Grimaldo was born in Madrid in 1660 to a wealthy family who had gained experience serving in the administration of the colonies of the Spanish Empire. In 1683 he was admitted into the Order of Santiago as a gesture to his parentage,[1] but while he began to be acknowledged as a rising politician he failed to gain any serious appointment in government until the 1690s when the old dynasty died out.

War of the Spanish Succession[edit]

Grimaldo became a follower of the politician Jean Orry who had arrived in Madrid in 1695. Grimaldo was found a position in the Ministry of War and Finance. He continued in this position throughout the War of the Spanish Succession.

Chief Minister[edit]

First Spell[edit]

Grimaldo became Secretary of State for the first time in 1714. It was a turbulent era for Spain, as they had been forced to accept the loss of huge amounts of territory (particularly to Austria in Italy, as well as losing Minorca and Gibraltar to Britain). Grimaldo helped to re-assert Spain, rebuilding its shattered army and navy.

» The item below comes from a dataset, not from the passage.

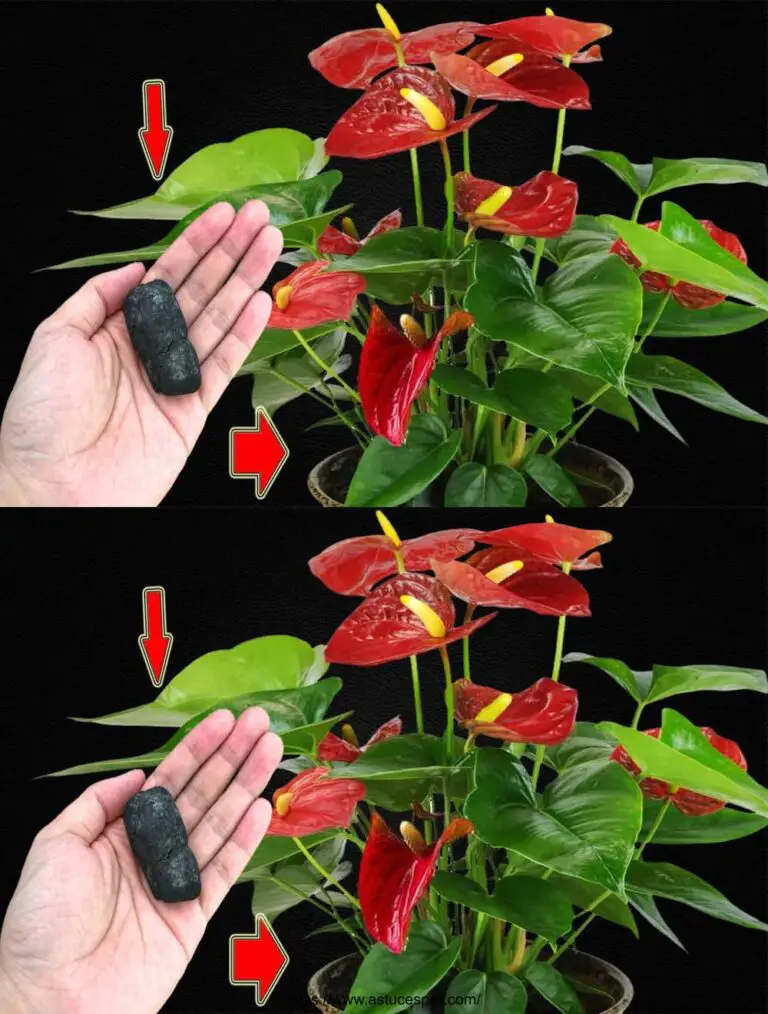 ¡Sólo necesito 1 pedazo! ¡Me sorprende! El Anthurium florece de primavera a invierno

Second Spell and Retirement[edit]

When the King briefly stepped down in 1724, often attributed to a fit of madness or a desire to be considered a claimant to the French throne, Grimaldo left office with him. When the King returned after only a year Grimaldo came with him, but was now increasingly in bad health and he was forced to retire from government. In 1733 he was made a Marquis, and died the same year at the age of seventy three.